[llvm] [AArch64][LoopVectorize] Enable tail-folding on neoverse-v2 (PR #135357)

Mon Apr 14 00:24:46 PDT 2025

davemgreen wrote:

I should have given more details but there are quite a few things going on with it and some things could have changes since last we looked. As far as I understand the vectorizer still makes the decision very early as to whether to tail fold, and if we return true for preferPredicateOverEpilogue then we essentially force the vectorizer to predicate the loop we see. For AArch64 I believe this currently still means forcing scalable vectorization (as masked-loads/stores are not given a cheap cost for fixed length vectors), and forces the interleave factor to 1 as it is difficult to predicate loops well that are also unrolled.

In recent times on Neoverse V2 there has been a push in the opposite directions. It has preferred fixed-width to scalable vectors when the costs are equal (#95819) and allow larger vector bodies to make use of all the vector pipelines available on the V2 (#100385).

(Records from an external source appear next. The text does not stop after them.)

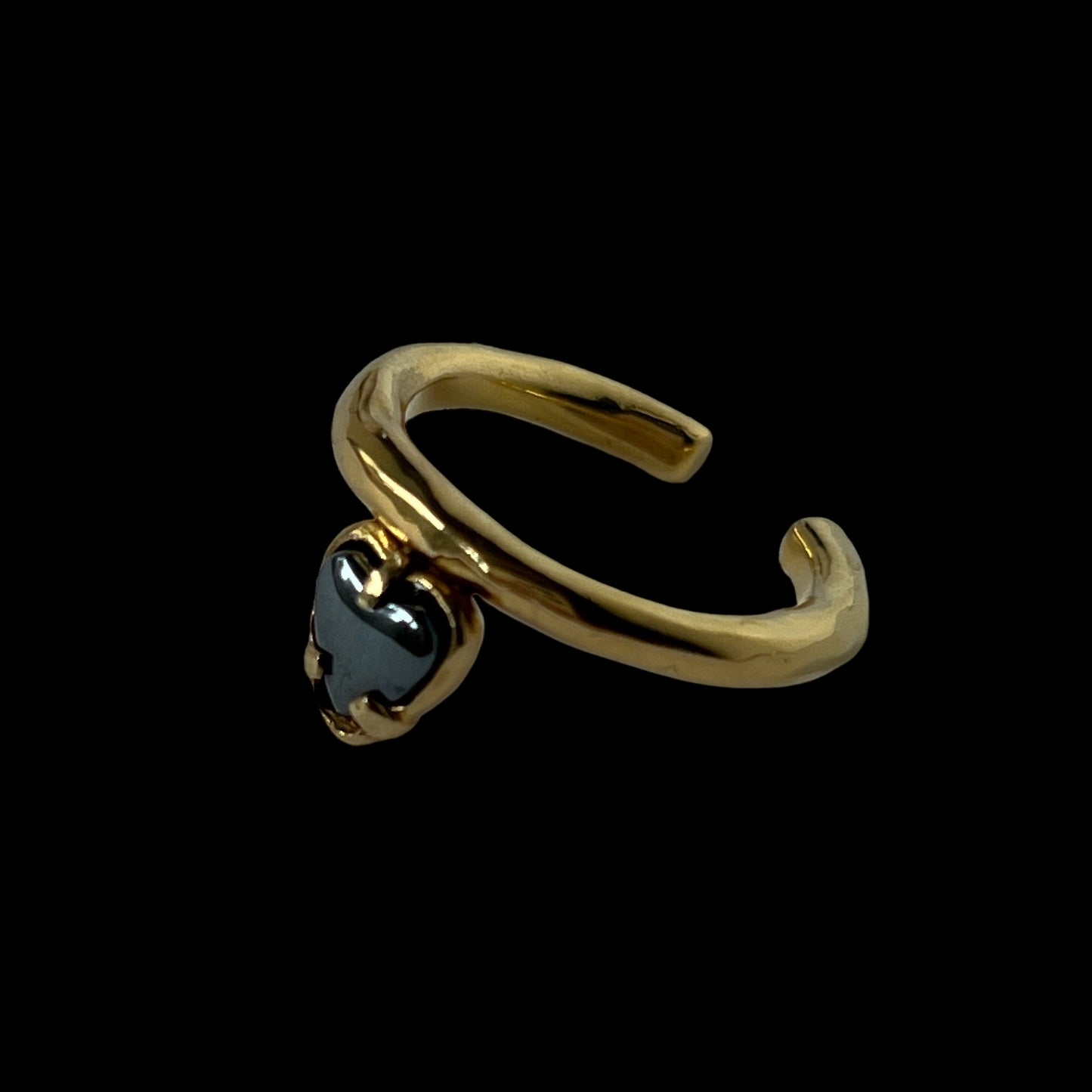 [ hematite ] um heart ring gold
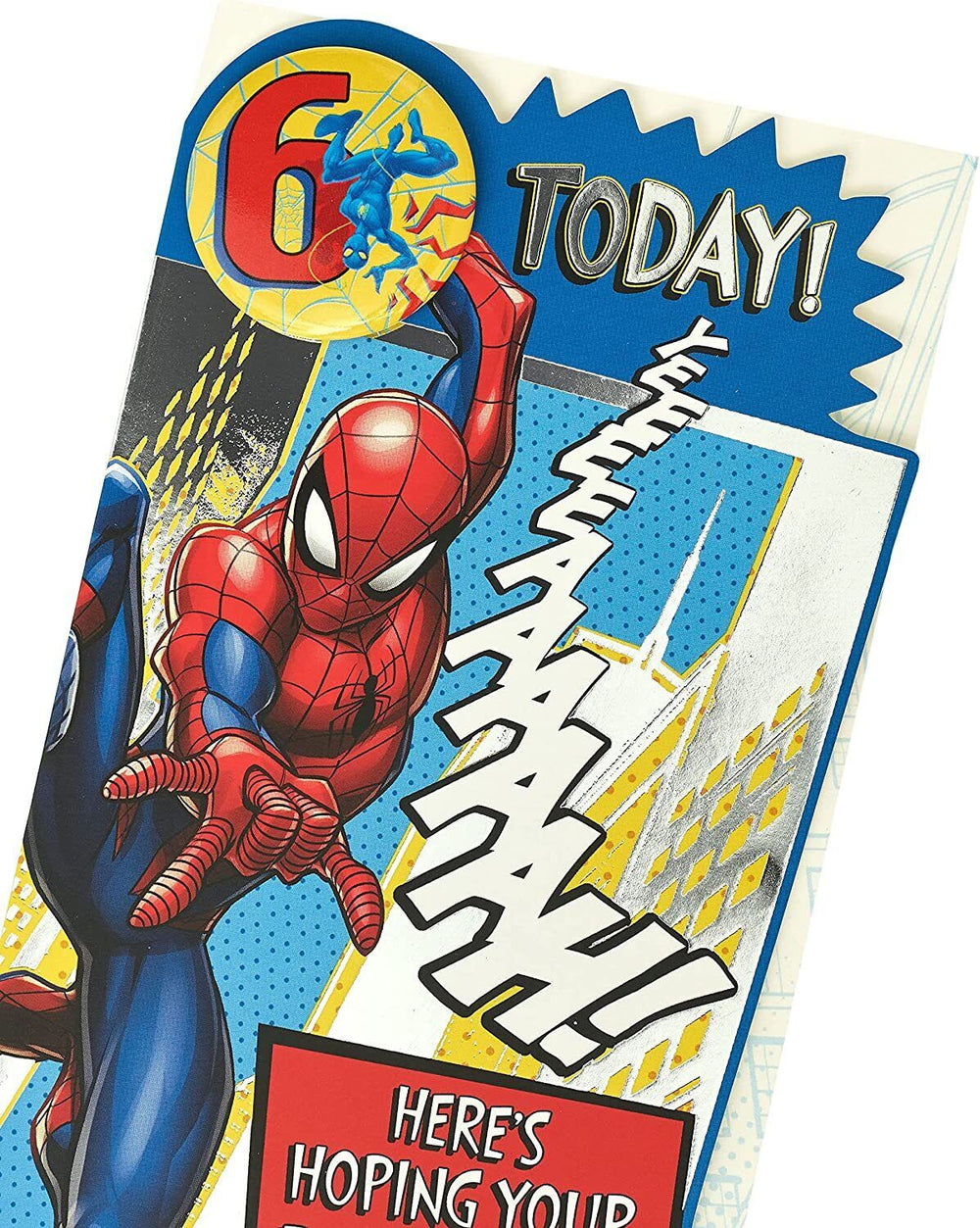 UK Greetings Marvel Spider-Man 6th birthday greeting card with badge featuring Spider-Man and colorful birthday design.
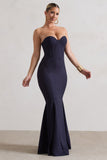 Idyllic Navy Strapless Corset Style Fishtail Maxi Dress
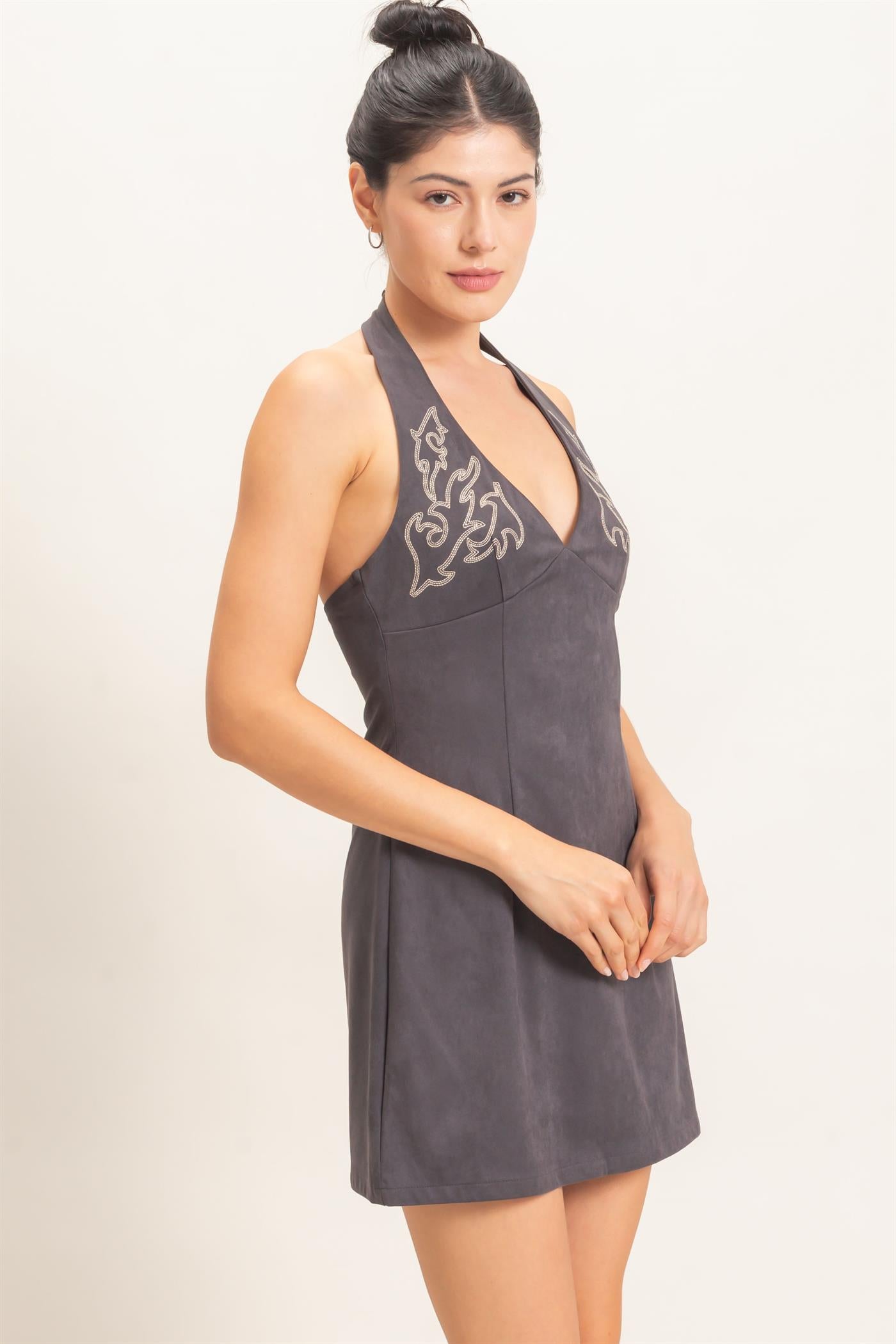 Wholesale Suede V-Neck Halter Dress Dresses HF26E500 CHARCOAL HYFVE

Tail predication has some efficiency bonuses of its own especially for loops with low trip counts that are called often, but it makes it difficult to get the most out of the hardware for loops with high trip counts. Saturating 4 vector pipelines sometimes requires some interleaving and making sure that the predication does not become a bottleneck. So whilst this might help on certain benchmark it can hurt in other domains like ML, HPC and DSP. (We know for example that x264 has certain low-trip count loops that can be helped by forcing the vectorizer to pick a lower trip count). Currently there are some heuristics to disable reductions, small loops and a few other cases when tail folding, but the problem AFAIU isn't really predication+reductions or predication+small loops, it is that interleaving can be so important for performance in these loops.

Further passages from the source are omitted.